今の日本を礎いたのは誰でしょうか。国民のうちごく少数は無批判に妙な愛国心に燃えた「自分の頭で考えない人」であったのかもしれませんが、大多数はただただ日本の国の将来を思い、家族を思い、自分を捨てて命をかけて戦った大多数の名もない人たちだったと言うことを忘れてはならないと思います。

私達はいつも目立ったスターを賞賛します。
TVの向こうには、そういう人たちがいつも輝かしく映し出されています。
とっとちゃんも、もちろんご自分の弛まぬ努力の故にだと思いますが、日本でもナンバーワンのTVのスターになりました。ご両親や、ともえ学園の素晴らしい環境、ともえ学園の校長先生、その他、いろいろなことに恵まれて、「困った子」がスターになりました。

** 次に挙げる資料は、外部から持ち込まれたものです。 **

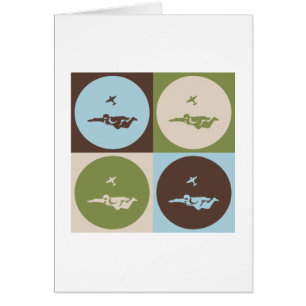 Pop Art Skydiving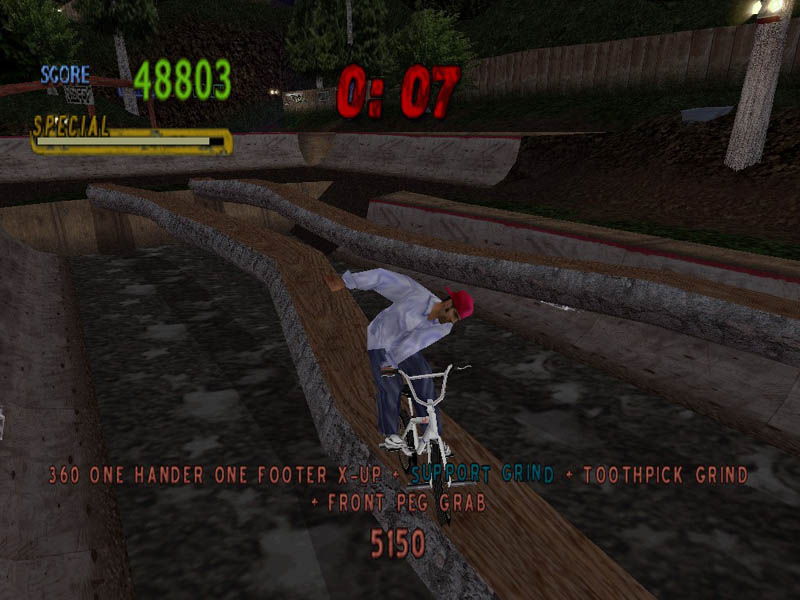 Mat Hoffman's Pro BMX - screenshot 12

しかし、僕たちのような平凡な市井の人々は、TVに写ることのないのこちら側の人、です。
TVに輝かしく映し出され・賞賛される「スター」と比べて、恵まれない自分を惨めになったりします。

しかし、社会は「スター」だけで成り立っているわけではありません。
社会の大部分は、恵まれた環境で生まれることがなく、教育にお金をかけることもできず、チャンスにも恵まれず、いい仕事にも就けなかった、その他大勢の人によって成り立っているのです。TVに惑わされず、そのことに心から気づいた時、人はありのままの自分を受け入れることができる。そう思います。

子供も楽しめる楽しくて明るい作品かと思ってみましたが、後半は暗い雰囲気かつダークな内容で(ホラー的要素はありませんが)、子供はあまり楽しめない作品ではないでしょうか。しかし、大人は教育論について考える良い機会になると思いました。むしろ大人に観ていただきたい作品です。美麗な映像と、人物の独特のアニメ表現(唇が明るい)は、良いと思いました。